>>

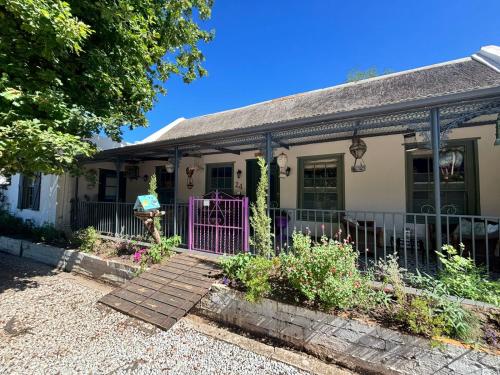 a house with a purple gate in front of it at Greyton Toad Hall in Greyton
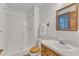 Bathroom features a white shower, toilet, vanity, and wooden framed mirror and towel rack at 1133 Turner Farms Rd, Garner, NC 27529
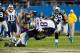 Nov 18, 2013; Charlotte, NC, USA; Carolina Panthers strong safety Robert Lester (38) tackles New England Patriots tight end Rob Gronkowski (87) during the fourth quarter at Bank of America Stadium. The Panthers defeated the Patriots 24-20. Mandatory Credi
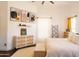 Bright bedroom featuring wood floors, white walls, modern art, and two matching nightstands at 3756 E Alamo St, San Tan Valley, AZ 85140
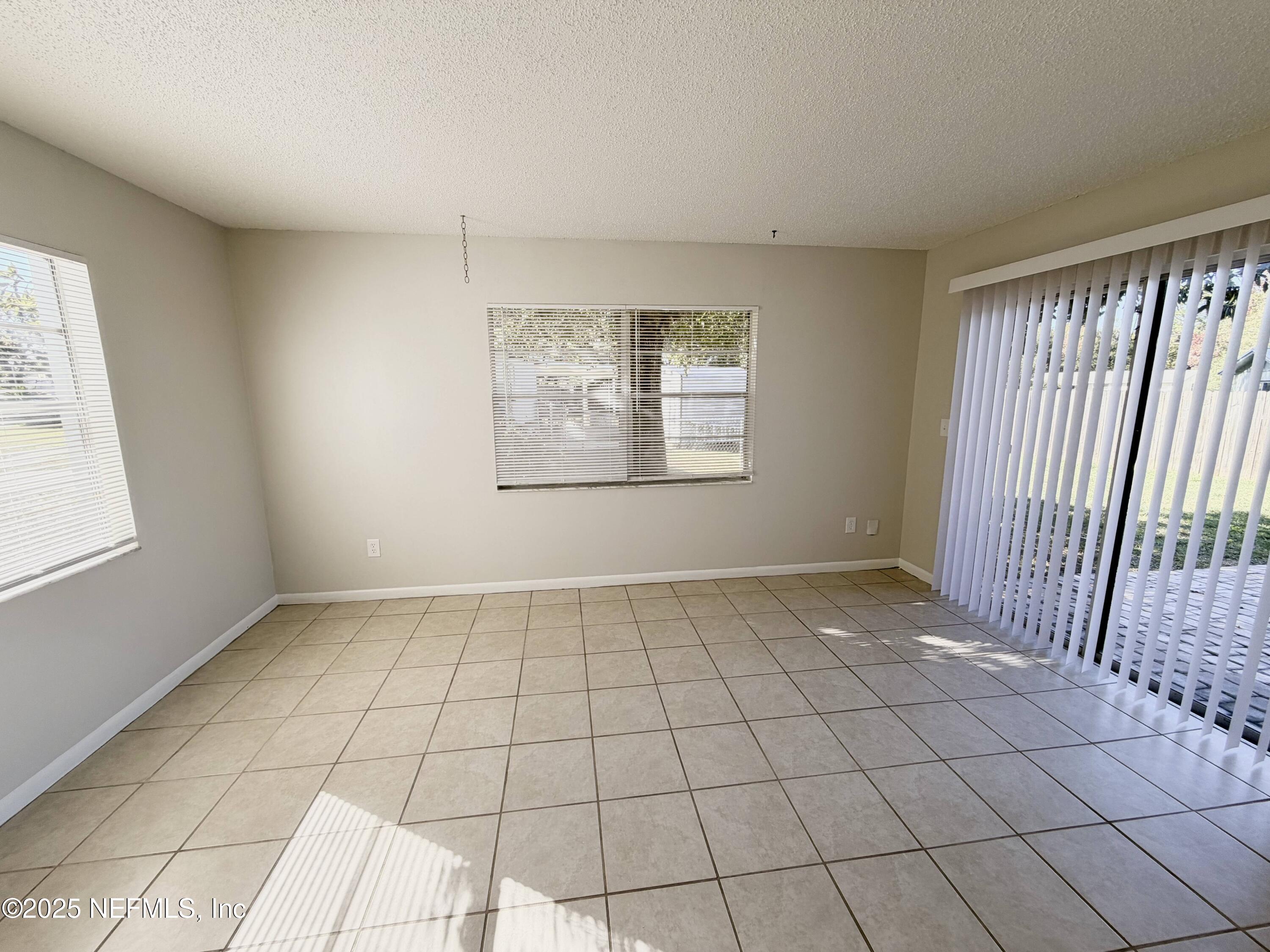 283 Almansa Road St. Augustine, FL 32086 - Photo 4 of 16 a view of an empty room and window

<<

→ EXERCISE DESCRIPTION:
Omit all images when repeating the data above exactly.

→ ANSWER TO THIS PROBLEM:
 a house with a purple gate in front of it at Greyton Toad Hall in Greyton
 Bathroom features a white shower, toilet, vanity, and wooden framed mirror and towel rack at 1133 Turner Farms Rd, Garner, NC 27529
 Nov 18, 2013; Charlotte, NC, USA; Carolina Panthers strong safety Robert Lester (38) tackles New England Patriots tight end Rob Gronkowski (87) during the fourth quarter at Bank of America Stadium. The Panthers defeated the Patriots 24-20. Mandatory Credi
 Bright bedroom featuring wood floors, white walls, modern art, and two matching nightstands at 3756 E Alamo St, San Tan Valley, AZ 85140
 283 Almansa Road St. Augustine, FL 32086 - Photo 4 of 16 a view of an empty room and window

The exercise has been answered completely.